§ **WHAT YOU HAVE TO DO**:
Return all of the data exactly, omitting any images.

§ **DATA SHOWN**:
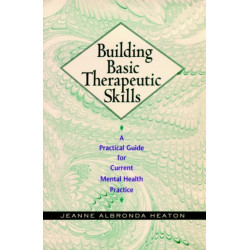Building Basic Therapeutic Skills: A Practical Guide for Current Mental Health Practice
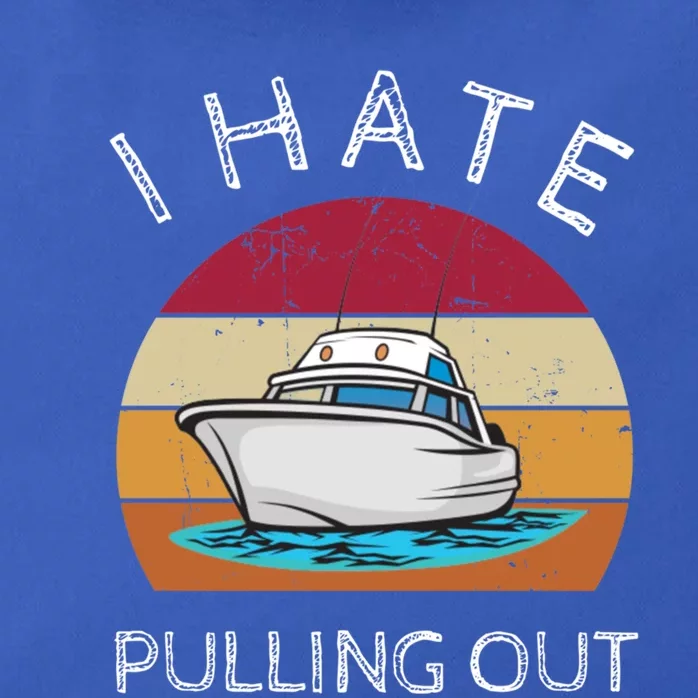 I Hate Pulling Out Retro Boating Boat Captain Gift Zip Tote Bag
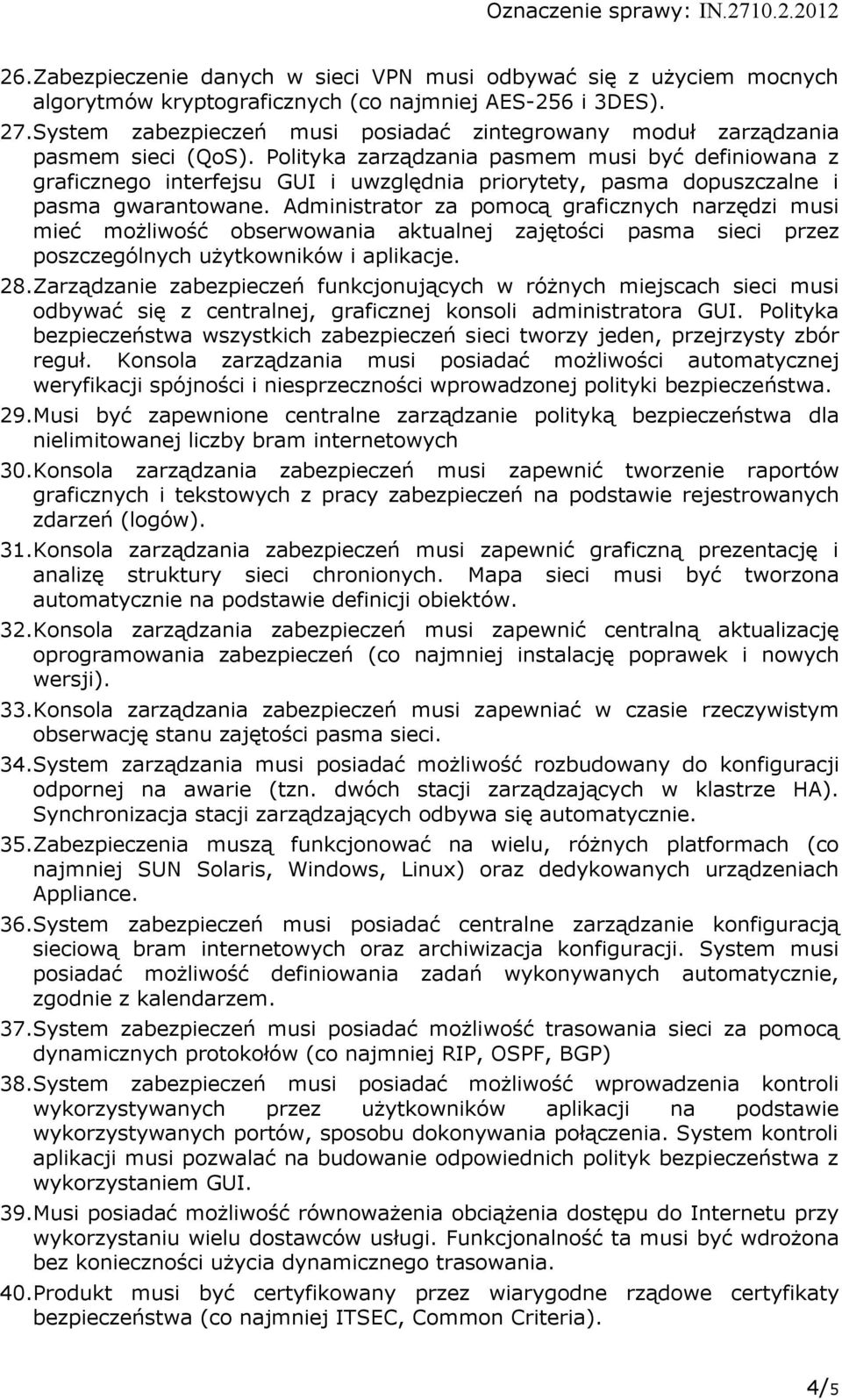 Polityka zarządzania pasmem musi być definiowana z graficznego interfejsu GUI i uwzględnia priorytety, pasma dopuszczalne i pasma gwarantowane.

§ **EXERCISE SOLUTION**:
Building Basic Therapeutic Skills: A Practical Guide for Current Mental Health Practice
 I Hate Pulling Out Retro Boating Boat Captain Gift Zip Tote Bag
 Polityka zarządzania pasmem musi być definiowana z graficznego interfejsu GUI i uwzględnia priorytety, pasma dopuszczalne i pasma gwarantowane.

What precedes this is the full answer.